[Records contained in a dataset]
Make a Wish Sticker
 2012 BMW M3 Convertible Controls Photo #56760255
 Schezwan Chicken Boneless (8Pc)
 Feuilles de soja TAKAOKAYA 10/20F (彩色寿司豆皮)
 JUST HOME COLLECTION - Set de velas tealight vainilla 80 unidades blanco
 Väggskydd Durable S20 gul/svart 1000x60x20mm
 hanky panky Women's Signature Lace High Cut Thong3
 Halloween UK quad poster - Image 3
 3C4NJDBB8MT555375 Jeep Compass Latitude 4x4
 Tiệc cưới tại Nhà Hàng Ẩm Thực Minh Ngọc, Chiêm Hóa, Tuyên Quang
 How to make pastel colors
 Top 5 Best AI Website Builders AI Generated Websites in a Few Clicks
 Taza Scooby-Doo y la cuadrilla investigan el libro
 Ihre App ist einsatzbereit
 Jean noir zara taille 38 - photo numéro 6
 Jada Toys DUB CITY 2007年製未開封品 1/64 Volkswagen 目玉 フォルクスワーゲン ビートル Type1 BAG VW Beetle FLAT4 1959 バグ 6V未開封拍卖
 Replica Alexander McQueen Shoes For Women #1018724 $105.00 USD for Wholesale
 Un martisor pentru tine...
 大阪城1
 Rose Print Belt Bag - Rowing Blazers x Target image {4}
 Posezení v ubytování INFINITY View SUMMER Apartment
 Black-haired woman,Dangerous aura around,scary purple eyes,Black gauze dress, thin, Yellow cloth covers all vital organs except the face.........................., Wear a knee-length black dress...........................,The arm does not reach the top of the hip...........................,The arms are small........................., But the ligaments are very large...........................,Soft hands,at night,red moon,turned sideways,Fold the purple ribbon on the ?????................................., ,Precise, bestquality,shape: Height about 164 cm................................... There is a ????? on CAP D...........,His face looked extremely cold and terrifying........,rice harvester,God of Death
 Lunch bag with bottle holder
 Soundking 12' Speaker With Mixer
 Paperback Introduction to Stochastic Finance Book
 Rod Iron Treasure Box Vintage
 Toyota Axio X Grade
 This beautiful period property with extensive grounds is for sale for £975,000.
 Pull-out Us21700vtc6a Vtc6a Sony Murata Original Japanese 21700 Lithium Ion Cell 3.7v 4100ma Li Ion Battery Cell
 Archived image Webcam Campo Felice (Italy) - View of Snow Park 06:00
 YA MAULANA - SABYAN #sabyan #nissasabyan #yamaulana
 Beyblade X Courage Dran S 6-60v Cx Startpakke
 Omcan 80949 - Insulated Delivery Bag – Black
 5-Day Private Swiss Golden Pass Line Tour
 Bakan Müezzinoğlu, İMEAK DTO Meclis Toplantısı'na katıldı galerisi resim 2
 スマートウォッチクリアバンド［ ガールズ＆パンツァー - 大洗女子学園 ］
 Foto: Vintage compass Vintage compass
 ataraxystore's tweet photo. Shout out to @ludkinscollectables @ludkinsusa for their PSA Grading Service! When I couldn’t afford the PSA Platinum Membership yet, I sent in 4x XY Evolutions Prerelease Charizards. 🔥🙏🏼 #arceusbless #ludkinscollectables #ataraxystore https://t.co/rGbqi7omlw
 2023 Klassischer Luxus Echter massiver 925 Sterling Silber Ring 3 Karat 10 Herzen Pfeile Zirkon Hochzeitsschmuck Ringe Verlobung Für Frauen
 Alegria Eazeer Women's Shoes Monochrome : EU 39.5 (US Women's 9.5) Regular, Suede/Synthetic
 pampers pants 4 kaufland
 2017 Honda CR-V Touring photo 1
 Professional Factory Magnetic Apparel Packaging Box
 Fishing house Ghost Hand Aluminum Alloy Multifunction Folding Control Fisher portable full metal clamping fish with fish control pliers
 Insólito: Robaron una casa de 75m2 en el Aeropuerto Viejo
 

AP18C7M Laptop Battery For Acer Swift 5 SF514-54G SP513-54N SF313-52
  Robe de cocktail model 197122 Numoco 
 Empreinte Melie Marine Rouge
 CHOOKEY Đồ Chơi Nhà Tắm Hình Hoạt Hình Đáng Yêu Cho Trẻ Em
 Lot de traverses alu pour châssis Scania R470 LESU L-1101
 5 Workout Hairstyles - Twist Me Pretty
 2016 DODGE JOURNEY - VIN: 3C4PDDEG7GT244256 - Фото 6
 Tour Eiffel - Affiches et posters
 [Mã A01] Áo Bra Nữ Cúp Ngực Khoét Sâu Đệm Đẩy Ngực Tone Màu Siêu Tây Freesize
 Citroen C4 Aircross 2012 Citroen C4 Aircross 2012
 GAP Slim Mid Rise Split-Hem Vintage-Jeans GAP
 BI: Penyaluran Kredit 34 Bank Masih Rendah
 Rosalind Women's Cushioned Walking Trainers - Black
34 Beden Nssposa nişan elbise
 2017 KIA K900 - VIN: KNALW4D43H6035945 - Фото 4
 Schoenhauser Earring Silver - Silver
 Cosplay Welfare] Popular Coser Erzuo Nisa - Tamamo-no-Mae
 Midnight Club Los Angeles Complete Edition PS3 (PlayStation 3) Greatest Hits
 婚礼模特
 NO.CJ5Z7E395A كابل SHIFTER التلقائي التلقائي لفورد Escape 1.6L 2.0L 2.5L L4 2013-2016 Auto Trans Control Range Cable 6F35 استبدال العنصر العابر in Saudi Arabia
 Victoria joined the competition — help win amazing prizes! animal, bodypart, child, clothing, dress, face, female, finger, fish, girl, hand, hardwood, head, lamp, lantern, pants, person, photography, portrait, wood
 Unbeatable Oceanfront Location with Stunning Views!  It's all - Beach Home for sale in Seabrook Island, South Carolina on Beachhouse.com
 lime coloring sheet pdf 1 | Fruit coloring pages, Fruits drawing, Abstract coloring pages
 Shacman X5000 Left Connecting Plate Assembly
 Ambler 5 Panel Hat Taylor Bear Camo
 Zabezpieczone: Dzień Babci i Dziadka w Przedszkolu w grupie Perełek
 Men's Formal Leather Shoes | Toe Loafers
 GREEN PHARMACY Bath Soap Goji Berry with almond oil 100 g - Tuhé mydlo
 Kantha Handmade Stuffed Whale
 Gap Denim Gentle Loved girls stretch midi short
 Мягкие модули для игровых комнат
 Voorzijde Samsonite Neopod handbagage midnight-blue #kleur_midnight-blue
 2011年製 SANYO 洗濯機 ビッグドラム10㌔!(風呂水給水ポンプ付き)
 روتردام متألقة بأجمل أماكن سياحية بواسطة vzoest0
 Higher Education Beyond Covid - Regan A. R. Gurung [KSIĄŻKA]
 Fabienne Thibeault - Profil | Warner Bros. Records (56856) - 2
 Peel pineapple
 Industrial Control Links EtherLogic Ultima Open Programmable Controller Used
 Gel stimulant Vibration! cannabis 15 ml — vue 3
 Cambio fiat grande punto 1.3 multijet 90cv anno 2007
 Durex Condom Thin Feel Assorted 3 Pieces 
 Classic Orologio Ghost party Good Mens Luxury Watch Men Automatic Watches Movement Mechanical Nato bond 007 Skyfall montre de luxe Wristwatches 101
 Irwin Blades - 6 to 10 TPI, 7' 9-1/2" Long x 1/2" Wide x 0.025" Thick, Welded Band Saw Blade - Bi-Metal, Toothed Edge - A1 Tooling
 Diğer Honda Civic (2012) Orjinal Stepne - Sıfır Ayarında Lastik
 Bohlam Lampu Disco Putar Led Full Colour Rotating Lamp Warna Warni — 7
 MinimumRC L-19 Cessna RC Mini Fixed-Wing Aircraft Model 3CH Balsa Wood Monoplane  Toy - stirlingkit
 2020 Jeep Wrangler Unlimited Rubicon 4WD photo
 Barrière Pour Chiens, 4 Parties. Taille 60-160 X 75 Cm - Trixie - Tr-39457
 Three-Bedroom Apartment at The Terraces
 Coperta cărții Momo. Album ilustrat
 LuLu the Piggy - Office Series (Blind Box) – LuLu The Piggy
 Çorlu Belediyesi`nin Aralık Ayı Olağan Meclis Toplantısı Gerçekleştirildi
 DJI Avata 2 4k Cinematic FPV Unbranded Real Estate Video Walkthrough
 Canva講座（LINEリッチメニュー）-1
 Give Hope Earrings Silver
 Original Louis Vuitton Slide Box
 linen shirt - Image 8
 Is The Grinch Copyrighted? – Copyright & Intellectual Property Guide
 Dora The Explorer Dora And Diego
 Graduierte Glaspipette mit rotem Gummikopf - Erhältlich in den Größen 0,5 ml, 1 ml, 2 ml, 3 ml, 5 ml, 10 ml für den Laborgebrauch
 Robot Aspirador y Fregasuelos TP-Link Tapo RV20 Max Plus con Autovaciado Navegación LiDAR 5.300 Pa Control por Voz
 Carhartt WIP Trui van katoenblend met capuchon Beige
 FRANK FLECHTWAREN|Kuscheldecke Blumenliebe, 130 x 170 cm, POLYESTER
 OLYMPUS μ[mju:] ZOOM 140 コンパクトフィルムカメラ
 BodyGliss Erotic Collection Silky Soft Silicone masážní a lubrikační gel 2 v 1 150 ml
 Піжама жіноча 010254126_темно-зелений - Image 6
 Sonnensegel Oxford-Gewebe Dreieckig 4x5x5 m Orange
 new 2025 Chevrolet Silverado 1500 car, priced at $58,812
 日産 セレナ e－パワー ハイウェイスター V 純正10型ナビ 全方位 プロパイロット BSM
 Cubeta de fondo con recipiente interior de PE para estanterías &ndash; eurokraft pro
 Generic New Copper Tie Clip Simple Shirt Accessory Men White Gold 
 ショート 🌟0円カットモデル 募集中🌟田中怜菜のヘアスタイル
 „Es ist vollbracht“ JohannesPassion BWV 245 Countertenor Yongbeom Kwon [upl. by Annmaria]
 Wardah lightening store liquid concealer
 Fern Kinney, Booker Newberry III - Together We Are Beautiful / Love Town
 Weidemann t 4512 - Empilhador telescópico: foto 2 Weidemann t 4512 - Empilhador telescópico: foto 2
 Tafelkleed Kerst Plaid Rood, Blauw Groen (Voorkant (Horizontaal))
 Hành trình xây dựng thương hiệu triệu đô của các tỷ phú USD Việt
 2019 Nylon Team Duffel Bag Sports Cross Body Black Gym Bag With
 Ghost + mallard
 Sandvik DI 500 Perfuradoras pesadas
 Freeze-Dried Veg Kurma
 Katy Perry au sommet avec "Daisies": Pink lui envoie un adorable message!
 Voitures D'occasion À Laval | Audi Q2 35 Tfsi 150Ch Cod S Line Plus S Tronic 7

### HOW TO COMPLETE THIS TASK
The lines above, from the first through the one containing "Jean noir zara taille 38 - photo numéro 6", must be restated word for word, with nothing added.

### EXERCISE ANSWER
Make a Wish Sticker
 2012 BMW M3 Convertible Controls Photo #56760255
 Schezwan Chicken Boneless (8Pc)
 Feuilles de soja TAKAOKAYA 10/20F (彩色寿司豆皮)
 JUST HOME COLLECTION - Set de velas tealight vainilla 80 unidades blanco
 Väggskydd Durable S20 gul/svart 1000x60x20mm
 hanky panky Women's Signature Lace High Cut Thong3
 Halloween UK quad poster - Image 3
 3C4NJDBB8MT555375 Jeep Compass Latitude 4x4
 Tiệc cưới tại Nhà Hàng Ẩm Thực Minh Ngọc, Chiêm Hóa, Tuyên Quang
 How to make pastel colors
 Top 5 Best AI Website Builders AI Generated Websites in a Few Clicks
 Taza Scooby-Doo y la cuadrilla investigan el libro
 Ihre App ist einsatzbereit
 Jean noir zara taille 38 - photo numéro 6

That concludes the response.